# Requirement
Please repeat the records exactly from their first line, finishing at the line containing "PHANG-NGA Coffee Journey" and including it.

Brief descriptive captions
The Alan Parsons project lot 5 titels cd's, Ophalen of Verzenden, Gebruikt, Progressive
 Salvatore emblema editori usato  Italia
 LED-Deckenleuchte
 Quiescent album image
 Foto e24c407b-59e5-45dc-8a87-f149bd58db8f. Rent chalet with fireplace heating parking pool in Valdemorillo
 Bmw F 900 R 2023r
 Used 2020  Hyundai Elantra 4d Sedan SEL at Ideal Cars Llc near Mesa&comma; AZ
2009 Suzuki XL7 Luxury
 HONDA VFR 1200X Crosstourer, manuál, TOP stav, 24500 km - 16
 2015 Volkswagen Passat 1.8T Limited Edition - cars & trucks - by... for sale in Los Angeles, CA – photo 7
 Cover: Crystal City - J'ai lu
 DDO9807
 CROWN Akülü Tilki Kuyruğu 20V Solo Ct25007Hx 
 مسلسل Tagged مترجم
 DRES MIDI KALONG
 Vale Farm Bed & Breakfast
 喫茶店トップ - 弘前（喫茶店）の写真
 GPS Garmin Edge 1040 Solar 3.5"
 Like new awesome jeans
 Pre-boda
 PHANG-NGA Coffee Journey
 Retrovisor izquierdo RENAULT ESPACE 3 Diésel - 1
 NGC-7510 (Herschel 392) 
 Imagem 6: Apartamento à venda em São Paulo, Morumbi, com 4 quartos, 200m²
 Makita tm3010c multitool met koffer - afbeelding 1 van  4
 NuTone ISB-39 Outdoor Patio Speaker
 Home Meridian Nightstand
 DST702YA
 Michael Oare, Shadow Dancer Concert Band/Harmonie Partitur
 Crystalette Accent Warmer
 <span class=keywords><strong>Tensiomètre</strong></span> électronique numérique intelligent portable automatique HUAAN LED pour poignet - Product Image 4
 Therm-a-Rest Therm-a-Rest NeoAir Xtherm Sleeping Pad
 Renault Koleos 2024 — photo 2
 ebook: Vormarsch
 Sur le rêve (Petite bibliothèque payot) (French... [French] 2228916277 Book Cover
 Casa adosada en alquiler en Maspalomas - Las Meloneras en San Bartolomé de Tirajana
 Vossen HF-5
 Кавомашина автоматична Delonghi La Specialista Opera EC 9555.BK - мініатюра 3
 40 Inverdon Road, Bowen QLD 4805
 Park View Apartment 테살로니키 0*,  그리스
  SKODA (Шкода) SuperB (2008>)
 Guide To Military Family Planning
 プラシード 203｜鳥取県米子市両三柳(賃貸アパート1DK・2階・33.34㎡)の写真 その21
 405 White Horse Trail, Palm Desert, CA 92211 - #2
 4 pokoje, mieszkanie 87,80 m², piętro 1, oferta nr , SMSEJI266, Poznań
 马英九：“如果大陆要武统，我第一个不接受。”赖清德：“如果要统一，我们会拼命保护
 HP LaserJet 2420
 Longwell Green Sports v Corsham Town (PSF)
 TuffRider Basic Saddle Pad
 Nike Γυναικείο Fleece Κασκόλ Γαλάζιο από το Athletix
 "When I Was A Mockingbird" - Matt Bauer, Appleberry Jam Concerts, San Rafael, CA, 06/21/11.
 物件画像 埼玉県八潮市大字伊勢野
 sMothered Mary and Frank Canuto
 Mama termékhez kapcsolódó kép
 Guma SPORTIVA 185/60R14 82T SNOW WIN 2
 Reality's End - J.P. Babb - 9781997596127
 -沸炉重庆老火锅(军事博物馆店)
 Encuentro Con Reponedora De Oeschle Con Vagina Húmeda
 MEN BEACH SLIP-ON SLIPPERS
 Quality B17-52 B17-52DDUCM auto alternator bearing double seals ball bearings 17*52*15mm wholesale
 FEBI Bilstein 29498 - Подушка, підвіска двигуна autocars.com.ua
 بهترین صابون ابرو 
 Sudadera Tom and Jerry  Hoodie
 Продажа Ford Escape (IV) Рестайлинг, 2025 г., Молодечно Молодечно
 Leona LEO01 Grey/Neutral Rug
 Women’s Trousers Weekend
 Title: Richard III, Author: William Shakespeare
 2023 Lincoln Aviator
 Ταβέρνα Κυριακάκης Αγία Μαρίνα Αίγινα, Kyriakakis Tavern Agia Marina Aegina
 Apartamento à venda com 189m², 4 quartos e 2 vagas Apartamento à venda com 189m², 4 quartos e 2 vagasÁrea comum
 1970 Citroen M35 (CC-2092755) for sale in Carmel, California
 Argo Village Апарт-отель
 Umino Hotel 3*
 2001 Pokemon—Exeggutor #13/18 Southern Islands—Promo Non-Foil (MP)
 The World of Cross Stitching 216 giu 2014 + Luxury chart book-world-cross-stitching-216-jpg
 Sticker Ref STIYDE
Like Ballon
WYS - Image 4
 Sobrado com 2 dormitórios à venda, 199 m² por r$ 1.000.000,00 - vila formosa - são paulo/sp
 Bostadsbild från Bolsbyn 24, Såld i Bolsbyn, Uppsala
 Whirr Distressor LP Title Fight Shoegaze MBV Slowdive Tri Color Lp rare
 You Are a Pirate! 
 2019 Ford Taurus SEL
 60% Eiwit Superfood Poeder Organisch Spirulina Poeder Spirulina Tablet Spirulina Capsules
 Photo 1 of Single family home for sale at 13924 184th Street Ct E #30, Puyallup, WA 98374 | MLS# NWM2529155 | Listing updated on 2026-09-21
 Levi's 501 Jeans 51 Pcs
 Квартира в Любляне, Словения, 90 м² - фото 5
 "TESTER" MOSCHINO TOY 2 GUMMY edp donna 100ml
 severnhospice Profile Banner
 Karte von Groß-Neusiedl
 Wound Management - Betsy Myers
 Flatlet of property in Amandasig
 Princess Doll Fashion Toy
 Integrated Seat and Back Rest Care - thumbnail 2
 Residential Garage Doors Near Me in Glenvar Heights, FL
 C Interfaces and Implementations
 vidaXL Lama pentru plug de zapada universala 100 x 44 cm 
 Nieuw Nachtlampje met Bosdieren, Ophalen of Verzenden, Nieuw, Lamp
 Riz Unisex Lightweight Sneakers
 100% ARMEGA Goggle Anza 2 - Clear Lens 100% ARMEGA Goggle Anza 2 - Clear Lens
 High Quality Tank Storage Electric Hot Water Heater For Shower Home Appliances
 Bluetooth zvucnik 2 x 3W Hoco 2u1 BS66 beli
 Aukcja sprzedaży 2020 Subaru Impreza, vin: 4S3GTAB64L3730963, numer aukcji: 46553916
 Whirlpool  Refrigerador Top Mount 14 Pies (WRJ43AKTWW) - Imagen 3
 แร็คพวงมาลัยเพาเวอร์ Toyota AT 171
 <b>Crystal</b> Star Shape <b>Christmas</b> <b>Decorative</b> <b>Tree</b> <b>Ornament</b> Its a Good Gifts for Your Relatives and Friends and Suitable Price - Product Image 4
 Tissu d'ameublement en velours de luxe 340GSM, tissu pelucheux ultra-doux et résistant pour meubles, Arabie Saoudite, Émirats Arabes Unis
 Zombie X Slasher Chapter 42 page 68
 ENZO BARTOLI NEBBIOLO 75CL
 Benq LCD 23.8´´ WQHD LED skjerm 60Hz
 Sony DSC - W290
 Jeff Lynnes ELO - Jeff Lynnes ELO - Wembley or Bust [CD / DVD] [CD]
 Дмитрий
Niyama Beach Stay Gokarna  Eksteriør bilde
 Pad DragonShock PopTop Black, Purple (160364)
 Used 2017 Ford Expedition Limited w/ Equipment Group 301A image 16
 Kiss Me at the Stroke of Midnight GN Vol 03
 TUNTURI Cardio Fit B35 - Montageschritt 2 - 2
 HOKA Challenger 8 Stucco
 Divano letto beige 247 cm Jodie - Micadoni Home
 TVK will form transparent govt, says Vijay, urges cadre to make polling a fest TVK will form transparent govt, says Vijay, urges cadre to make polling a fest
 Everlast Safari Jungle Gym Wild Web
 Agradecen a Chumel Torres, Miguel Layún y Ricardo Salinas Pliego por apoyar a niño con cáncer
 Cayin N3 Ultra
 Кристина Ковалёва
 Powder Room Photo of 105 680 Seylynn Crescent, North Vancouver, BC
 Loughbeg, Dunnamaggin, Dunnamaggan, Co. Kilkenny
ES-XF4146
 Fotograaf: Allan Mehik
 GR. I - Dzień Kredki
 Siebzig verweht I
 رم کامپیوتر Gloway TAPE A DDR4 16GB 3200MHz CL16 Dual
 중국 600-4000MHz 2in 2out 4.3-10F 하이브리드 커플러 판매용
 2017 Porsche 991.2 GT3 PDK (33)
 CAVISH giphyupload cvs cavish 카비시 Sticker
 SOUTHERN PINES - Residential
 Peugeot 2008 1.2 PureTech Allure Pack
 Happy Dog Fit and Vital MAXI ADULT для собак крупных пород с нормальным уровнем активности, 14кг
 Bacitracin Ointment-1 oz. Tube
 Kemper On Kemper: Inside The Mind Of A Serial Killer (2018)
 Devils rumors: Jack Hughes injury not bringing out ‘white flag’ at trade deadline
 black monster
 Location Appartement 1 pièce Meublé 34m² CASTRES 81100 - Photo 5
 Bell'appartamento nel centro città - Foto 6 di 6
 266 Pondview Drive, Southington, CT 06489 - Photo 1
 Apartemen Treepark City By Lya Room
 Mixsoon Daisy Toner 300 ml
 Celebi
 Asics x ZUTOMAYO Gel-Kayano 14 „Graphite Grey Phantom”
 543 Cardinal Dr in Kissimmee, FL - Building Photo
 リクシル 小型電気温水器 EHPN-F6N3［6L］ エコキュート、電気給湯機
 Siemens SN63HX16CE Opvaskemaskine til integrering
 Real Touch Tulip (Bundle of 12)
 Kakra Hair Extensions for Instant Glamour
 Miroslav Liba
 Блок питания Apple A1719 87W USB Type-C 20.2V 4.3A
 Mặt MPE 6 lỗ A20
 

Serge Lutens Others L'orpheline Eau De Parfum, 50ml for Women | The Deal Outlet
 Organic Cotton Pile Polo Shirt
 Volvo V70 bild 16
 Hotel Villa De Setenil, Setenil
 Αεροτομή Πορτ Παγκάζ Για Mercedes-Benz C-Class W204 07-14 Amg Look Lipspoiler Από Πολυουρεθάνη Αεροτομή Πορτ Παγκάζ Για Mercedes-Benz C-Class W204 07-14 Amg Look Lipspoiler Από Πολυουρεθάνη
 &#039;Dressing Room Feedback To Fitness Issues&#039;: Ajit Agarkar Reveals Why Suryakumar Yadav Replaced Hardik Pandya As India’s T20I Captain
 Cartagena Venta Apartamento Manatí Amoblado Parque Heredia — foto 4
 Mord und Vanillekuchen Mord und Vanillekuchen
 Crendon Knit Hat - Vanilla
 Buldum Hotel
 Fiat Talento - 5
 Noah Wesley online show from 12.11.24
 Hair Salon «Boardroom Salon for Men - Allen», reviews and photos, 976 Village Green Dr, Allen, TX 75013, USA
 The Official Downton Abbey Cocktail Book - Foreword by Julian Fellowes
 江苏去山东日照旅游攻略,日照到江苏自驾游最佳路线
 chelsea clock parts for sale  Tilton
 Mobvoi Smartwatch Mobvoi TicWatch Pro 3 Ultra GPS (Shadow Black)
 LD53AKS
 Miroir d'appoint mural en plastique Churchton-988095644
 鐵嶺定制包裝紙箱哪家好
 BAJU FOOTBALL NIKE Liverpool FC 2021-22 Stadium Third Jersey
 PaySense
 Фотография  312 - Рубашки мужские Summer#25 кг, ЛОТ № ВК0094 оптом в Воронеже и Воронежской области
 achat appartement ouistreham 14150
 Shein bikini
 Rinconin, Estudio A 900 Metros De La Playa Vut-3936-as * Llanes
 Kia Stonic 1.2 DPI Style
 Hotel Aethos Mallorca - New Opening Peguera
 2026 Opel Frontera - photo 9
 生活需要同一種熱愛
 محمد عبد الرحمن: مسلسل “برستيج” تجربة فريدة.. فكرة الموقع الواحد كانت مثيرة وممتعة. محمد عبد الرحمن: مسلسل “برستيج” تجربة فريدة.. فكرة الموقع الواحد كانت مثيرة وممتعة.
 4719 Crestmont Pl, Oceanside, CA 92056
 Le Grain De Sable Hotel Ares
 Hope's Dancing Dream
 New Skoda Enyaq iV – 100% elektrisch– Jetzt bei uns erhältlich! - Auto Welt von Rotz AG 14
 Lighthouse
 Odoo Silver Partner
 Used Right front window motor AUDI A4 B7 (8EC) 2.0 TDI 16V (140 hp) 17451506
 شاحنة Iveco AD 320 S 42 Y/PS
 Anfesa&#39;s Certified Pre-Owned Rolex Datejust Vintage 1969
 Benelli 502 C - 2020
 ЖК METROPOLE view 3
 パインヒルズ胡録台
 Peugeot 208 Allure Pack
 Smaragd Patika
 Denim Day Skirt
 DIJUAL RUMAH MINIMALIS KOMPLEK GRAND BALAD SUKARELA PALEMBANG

# Task output
The Alan Parsons project lot 5 titels cd's, Ophalen of Verzenden, Gebruikt, Progressive
 Salvatore emblema editori usato  Italia
 LED-Deckenleuchte
 Quiescent album image
 Foto e24c407b-59e5-45dc-8a87-f149bd58db8f. Rent chalet with fireplace heating parking pool in Valdemorillo
 Bmw F 900 R 2023r
 Used 2020  Hyundai Elantra 4d Sedan SEL at Ideal Cars Llc near Mesa&comma; AZ
2009 Suzuki XL7 Luxury
 HONDA VFR 1200X Crosstourer, manuál, TOP stav, 24500 km - 16
 2015 Volkswagen Passat 1.8T Limited Edition - cars & trucks - by... for sale in Los Angeles, CA – photo 7
 Cover: Crystal City - J'ai lu
 DDO9807
 CROWN Akülü Tilki Kuyruğu 20V Solo Ct25007Hx 
 مسلسل Tagged مترجم
 DRES MIDI KALONG
 Vale Farm Bed & Breakfast
 喫茶店トップ - 弘前（喫茶店）の写真
 GPS Garmin Edge 1040 Solar 3.5"
 Like new awesome jeans
 Pre-boda
 PHANG-NGA Coffee Journey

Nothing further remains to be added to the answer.